Quality is Free by Philip B. Crosby: How to do it First Time Right
A book on Quality Management that guides a business to a zero defect one.
Quality is free. It’s not a gift, but it is free. What costs money are the unquality things—all the actions that involve not doing jobs right the first time.
In any business, you convert raw materials using resources into a final product and sell it. Your profit is the difference between your selling price and the manufacturing cost. If you want more profit, you sell more. If you want still more profit, you reduce your manufacturing cost. If you have ever worked in a manufacturing plant, you know that the biggest choke point is the product quality. If your final product is rejected, you still have spent as much cost on it as your good product while you can't sell it. So the best way to reduce manufacturing costs without compromising on raw materials or resources is to do it right the first time. If things are as easy as they sound...!
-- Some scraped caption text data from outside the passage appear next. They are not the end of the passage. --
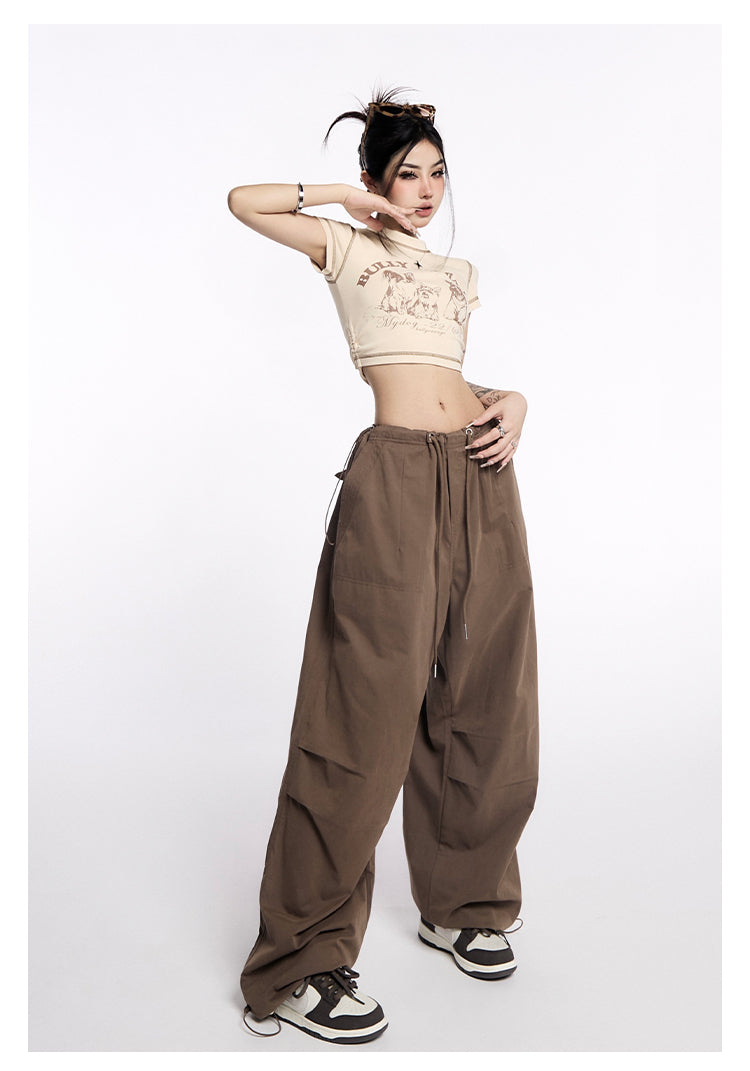 AN JITT Peach Collection" Grey Parachute Pants New American Style Drawstring Utility Pants Wide-Leg Casual Pants for Women Spring/Summer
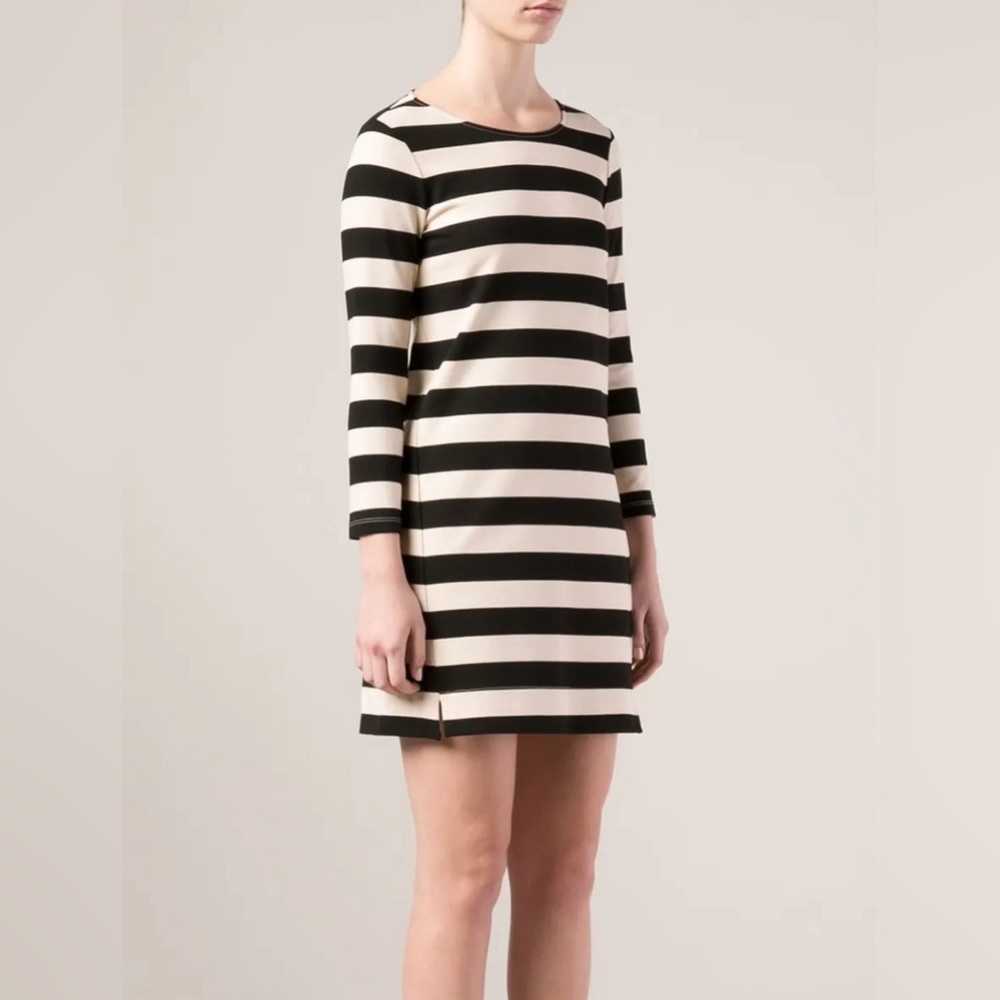 Theory Black and Cream Stripes Onita Dress | Size Small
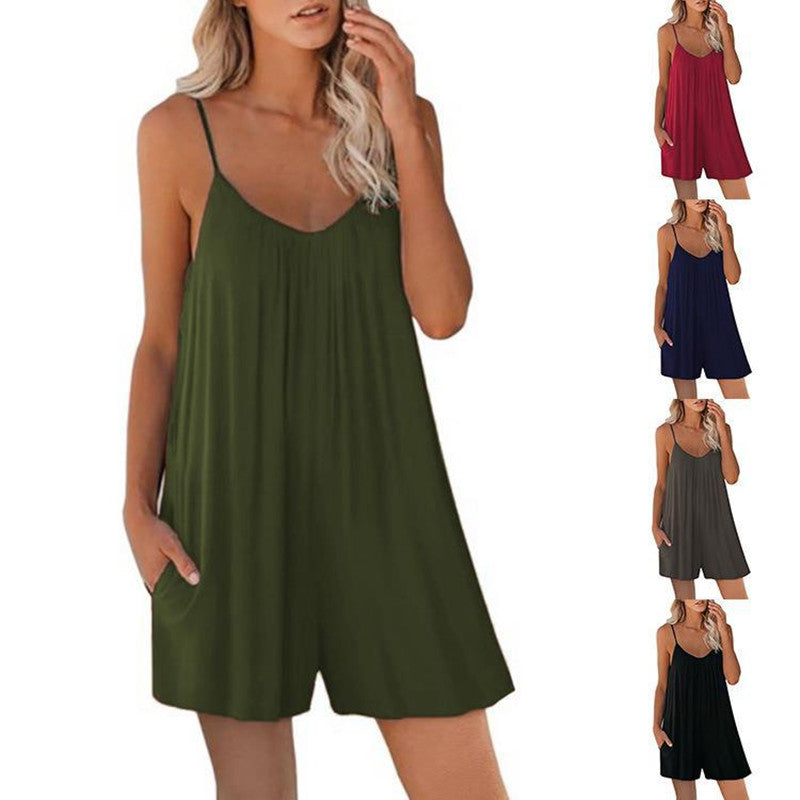 Women's Jumpsuit Casual Sleeveless Loose Straps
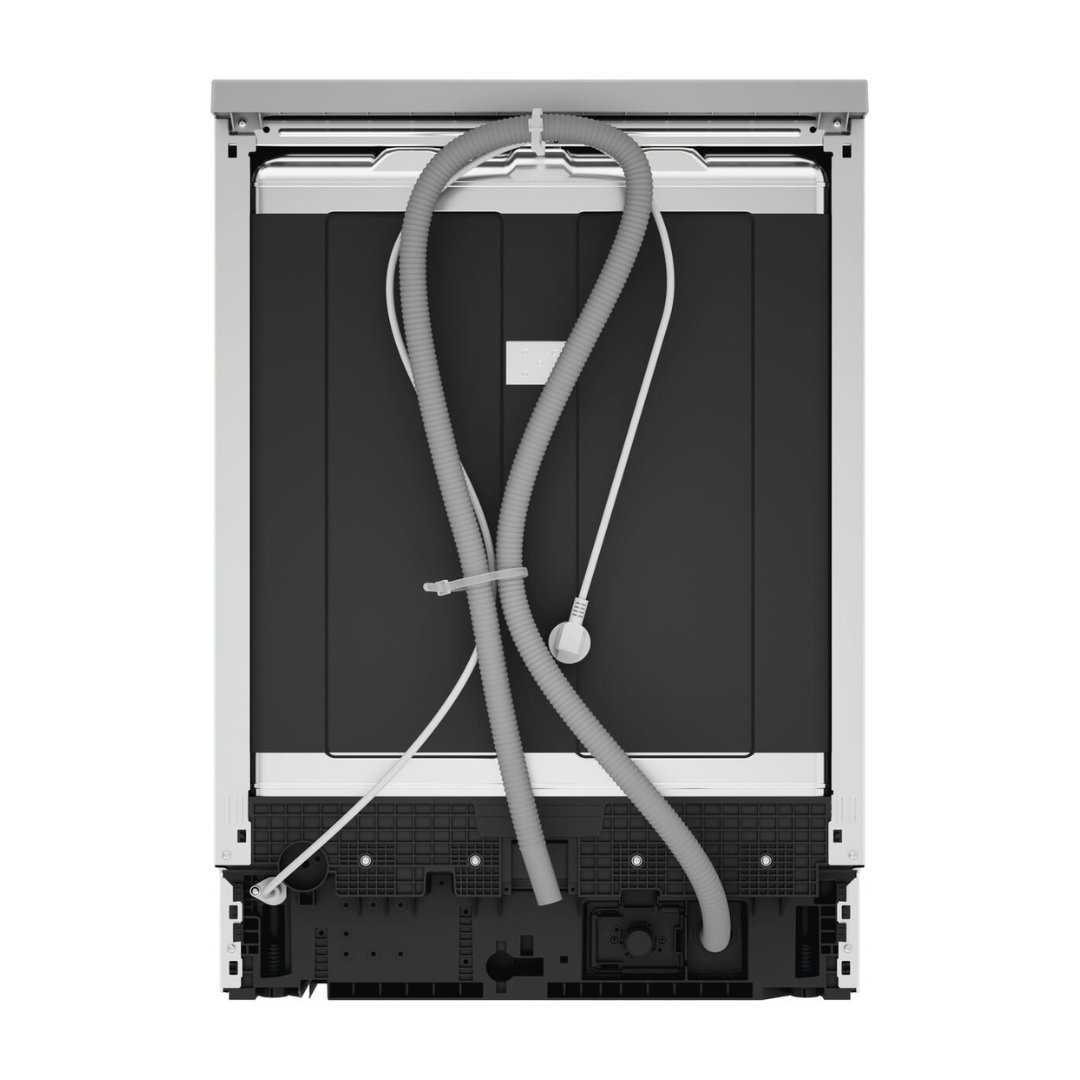 Haier 60cm Freestanding Dishwasher in a Satina finish showing the back of the machine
"Quality is Free" is a book by Philip B. Crosby, a prominent figure in the quality management field. In this book, he charts a road map towards 'zero defects.' As per Crosby, quality is totally free and can even give the business an increase in profits if properly managed. His philosophy is about instilling a habit of doing things right across a business, not only in the production units, which usually bear the brunt of quality issues. He specifically adds that management should not simply support these efforts but be committed to them and take an active part in implementation.
The first part of the book explains his approach towards quality management. Compared to Deming, another quality management expert who used statistical methods, Crosby used practical and non-technical ways to make quality a certainty. His definition of making quality certain is "getting people to do better all the worthwhile things they ought to be doing anyway." With humor and intellectual flair, he destroys many preconceived notions the general public has about quality like it means goodness or luxury, but it is in fact "conformance to requirements”.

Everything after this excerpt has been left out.